⚠️ This blog post was created with the help of AI tools. Yes, I used a bit of magic from language models to organize my thoughts and automate the boring parts, but the geeky fun and the 🤖 in C# are 100% mine.
Hi!
So Google just dropped Gemma 4 — their most capable open model family yet — and I couldn’t resist. I spent a good chunk of time digging into the architecture, trying to convert models, hitting walls, finding workarounds, and hitting more walls. Here’s where things stand with ElBruno.LocalLLMs.

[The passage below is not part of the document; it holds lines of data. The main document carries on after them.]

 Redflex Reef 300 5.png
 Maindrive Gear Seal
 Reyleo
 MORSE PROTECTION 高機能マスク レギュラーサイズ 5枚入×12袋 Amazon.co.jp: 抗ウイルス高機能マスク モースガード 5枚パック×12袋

Spoiler: the library is ready for Gemma 4. The ONNX runtime… not yet. So, let me tell you the whole story.
Wait, What’s Gemma 4?
Google released four new models on April 2, 2026, and they’re pretty wild:
| Model | Parameters | What’s Cool | Context |
|---|---|---|---|
| E2B IT | 5.1B (only 2.3B active!) | Tiny but punches above its weight | 128K |
| E4B IT | 8B (4.5B active) | Sweet spot for most use cases | 128K |
| 26B A4B IT | 25.2B (3.8B active) | MoE — only fires 3.8B params per token 🤯 | 256K |
| 31B IT | 30.7B | The big one, dense, no tricks | 256K |
The magic sauce is something called Per-Layer Embeddings (PLE) — basically, each transformer layer gets its own little embedding input. That’s how a 5.1B model acts like a 2.3B one. Clever stuff.
They’re all Apache 2.0. No gating, no license hoops. I like that.
What I Got Working (v0.8.0)
✅ Model Definitions — Done
All four Gemma 4 variants are registered and ready to go:
var options = new LocalLLMsOptions
{
Model = KnownModels.Gemma4E2BIT // Smallest, edge-optimized
};
I added Gemma4E2BIT, Gemma4E4BIT, Gemma4_26BA4BIT, and Gemma4_31BIT. The moment ONNX models exist, you just point and shoot.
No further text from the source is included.